Businesses, and governments could and did lay off people without cause, without notice, without reference, without pension, and without severance. Vacation pay and sick days did not exist. Those are the obvious factors that are different in comparisons.

Government workers lacked secure jobs. When tax revenues dried up governments simply stopped funding. People were laid off summarily with little or no warning from companies and governments. All these facets we rather take for granted today. But all of these factors exist today. All these socialist liberal ideas manage to cushion the advent of economic downturns.

Another large difference is in the actual social structure beyond the family farm of the past. In that world, a single income on the farm or in the city could pay for family food, housing, needs, and school. Women contributed to economy by homework. Working at home was far more difficult than today. Clothes washing was largely by hand. Vacuum cleaners did not really exist. Electrical power did not go into every home. In short, it was a totally different world on the individual level.
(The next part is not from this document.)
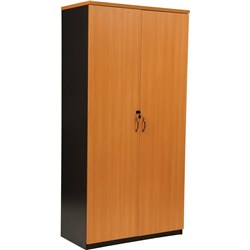 Logan Cupboard 1800Mm X 900Mm Full Door Beech & Ironstone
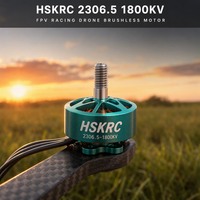 Moteur Brushless HSKRC 2306.5 1800KV 2-6S en alliage d'aluminium CNC pour Drone FPV de Course et Freestyle 5 Pouces avec Axe M5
Today the highlight of the modern family is the dual income. Indeed, in today's world two incomes are a necessity to maintain the modern lifestyle. Women are a major part of the workforce. Layoffs while debilitating for incomes, does not mean instant disaster. Often one spouse is not laid off. While job loss is debilitating, it is not the complete long term disaster than it once was.

The trick to social support is to provide adequate bridge funding and transition training while the economy restabilizes and work or career opportunities re-open. This never existed in the 1930s. And most of these programs exist everywhere globally in the developed world and to some degree in the emerging economies.

As discussed the tools exist today to cope with economic downturns. The culture of today versus the culture a century ago, there lies a large gaping difference. Unless there is a global drought, a successful economic recuperation remains likely without the great social damage as seen in the 1930s.